Exercise: HPLC experiment¶
Credits ESRF/BM29 beamline
Introduction¶
Process data from a High-performance Liquid Chromatography (HPLC) experiment performed on ESRF/BM29 BioSAXS beamline.
The sample is Bovin Serum Albumin (BSA) protein (used as a standard sample):
The buffer and sample are exposed to X-rays while passing through a capillary.

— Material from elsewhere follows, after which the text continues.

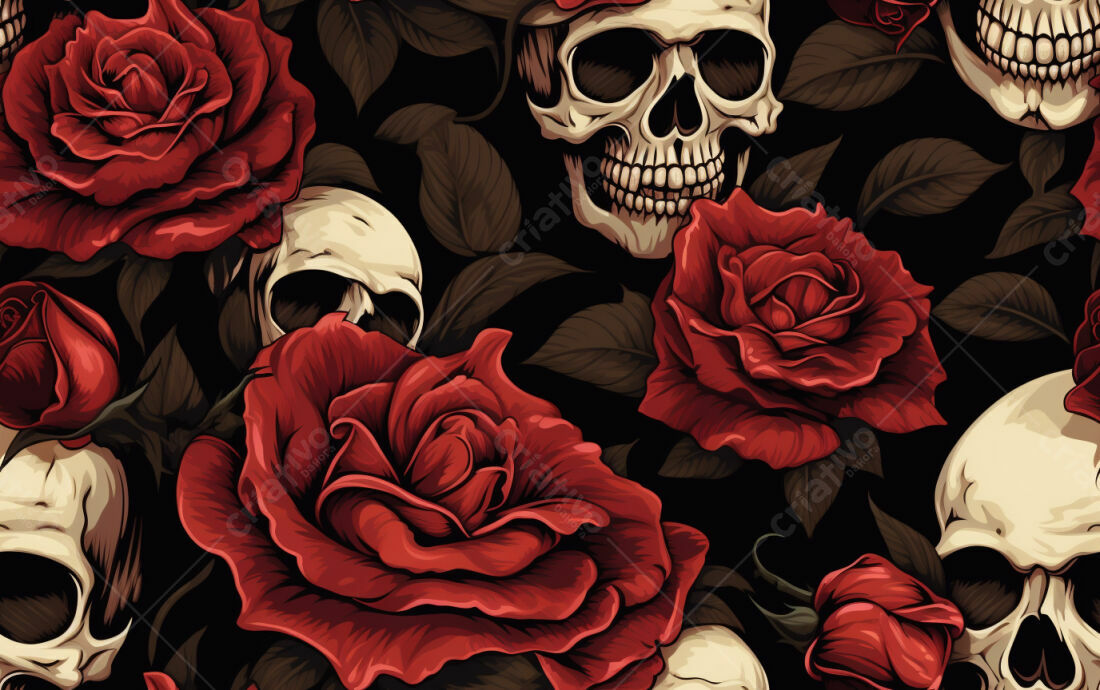 Textura Rosas e Caveiras para Papel de Parede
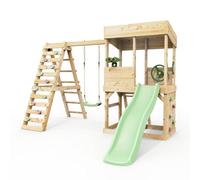 Rebo Lookout Tower With Single Swing, Wave Slide, Climbing Wall And Adventure Pack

Images are recorded over time (400 in this experiment) and an azimuthal integration is performed for each image with pyFAI.
This results in 400 curves of integrated intensities I for 1000 values of q.
Those I values are stored as a 2D dataset of shape (400, 1000) in the intensities.npy
file.
The q values are stored in the q.txt
file.
At first, only the buffer is passing through the capillary, then sample + buffer and finally buffer again.
The goal is to extract the intensity contributed by the sample. The steps are:
- Separate integrated intensities corresponding to buffer+sample from those corresponding to buffer only
- Estimate the buffer and the sample + buffer intensities by averaging the selected integrated intensities
- Remove the buffer background from sample + buffer
Part I¶
import numpy as np
Load data¶
Load intensities I from the intensities.npy
file and q values from the q.txt
file.
intensities = # TODO
q = # TODO
Plot data¶
%matplotlib widget
# This requires ipympl
# Or for non-interactive plots: %matplotlib inline
from matplotlib import pyplot as plt
# Plot the intensities
import matplotlib.colors as colors
fig = plt.figure()
plt.imshow(intensities, norm=colors.LogNorm(), aspect="auto")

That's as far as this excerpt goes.